BoE/Cunliffe: Is the world financial system safer now?


Cunliffe surveyed the progress made by international standard-setters since 2008 in making the financial system safer. He urged the EP to give national regulators authority to wind down troubled financial institutions, saying major banks remained "too big to fail".

"It is crucial that the European Parliament now gives its final approval to the proposed resolution directive.  And that the directive and the new ‘bail in’ rules form the bedrock of the new Single Resolution Mechanism for the Banking Union in the euro area", Cunliffe said.

Even with new ‘bail in’ rules, further steps are needed to ensure major international banks can be safely resolved.  Jon Cunliffe underlined: “We have made a lot of progress on too big to fail. But we are not yet there. I do not think we can say with confidence now that we could resolve a failing global giant. Getting agreement on international standards to end Too Big to Fail is perhaps the most important regulatory priority for the G20 Summit in Brisbane in November this year.”

In addition to completing the design of international standards, Jon Cunliffe set out two further conditions that must be met to ensure the success of the reform programme: coherence and mutual trust.

On the first, Cunliffe said he has some sympathy for concerns about the unintended consequences of regulation, and for firms’ desire for certainty about the regulatory endpoint, though the financial sector itself continues to throw up fresh regulatory issues. “We will need to be very alive to ‘coherence’ as implementation progresses.”

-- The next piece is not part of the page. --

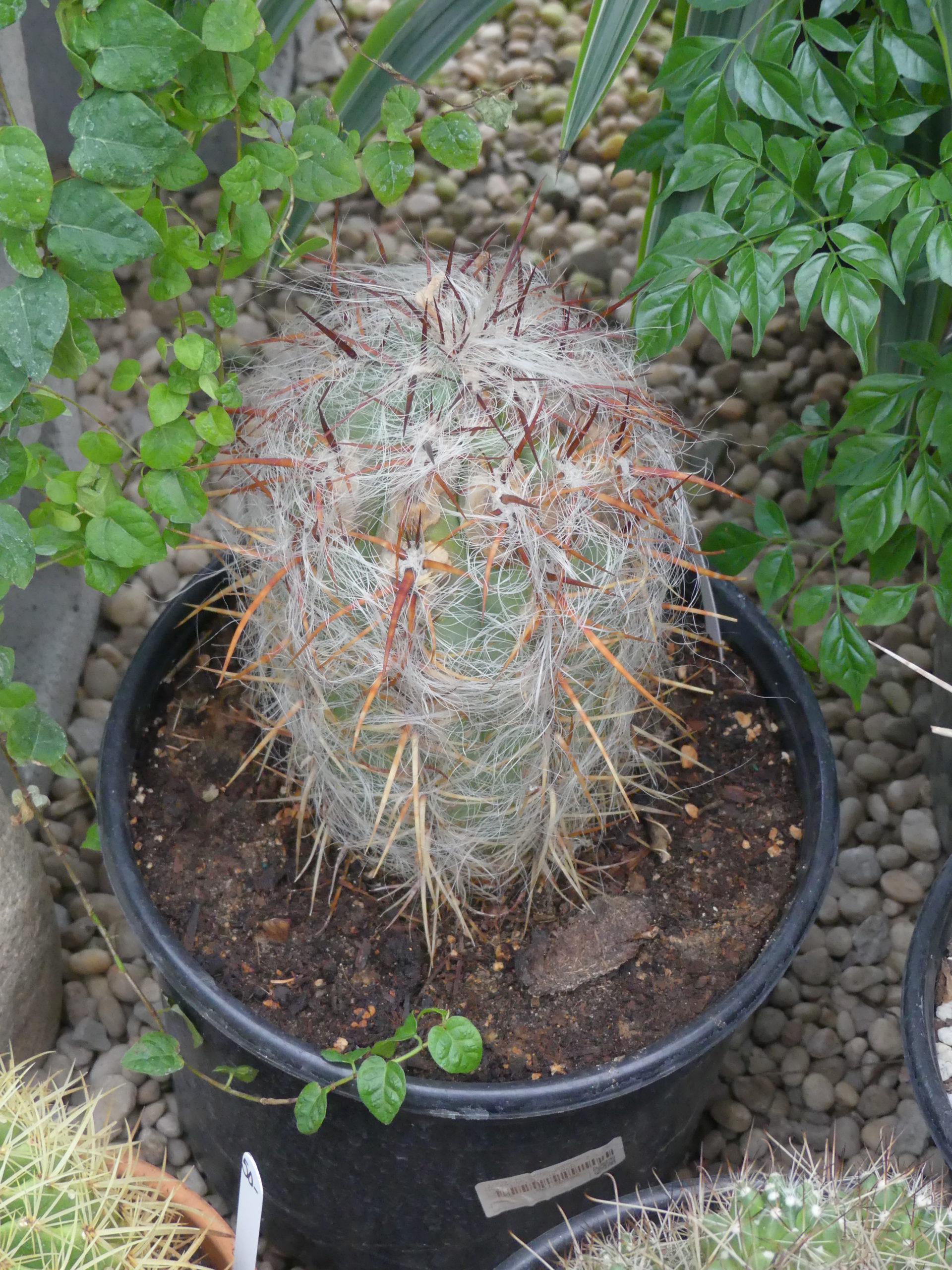 This unlabeled cactus is probably a Mammillaria cactus. This group can be barrel shaped or cylindrical, like this one. They can be “hairy” with spines or just with spines. Flowers can be white, red, yellow or pink. It looks both overpotted and in a plastic pot.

A much harder condition for the success of regulatory reform is that of “mutual trust”, he said. This is necessary because at international level, authorities can only agree standards. It is a matter for national legislators to enshrine these standards in law, while implementation and supervision can only be done by national supervisors answerable to national parliaments. "Without mutual trust, the danger is either slipping back into weak regulation and supervision and regulatory arbitrage risking further crises or fragmentation of the international financial sector – a rolling back of financial globalisation that will damage global growth."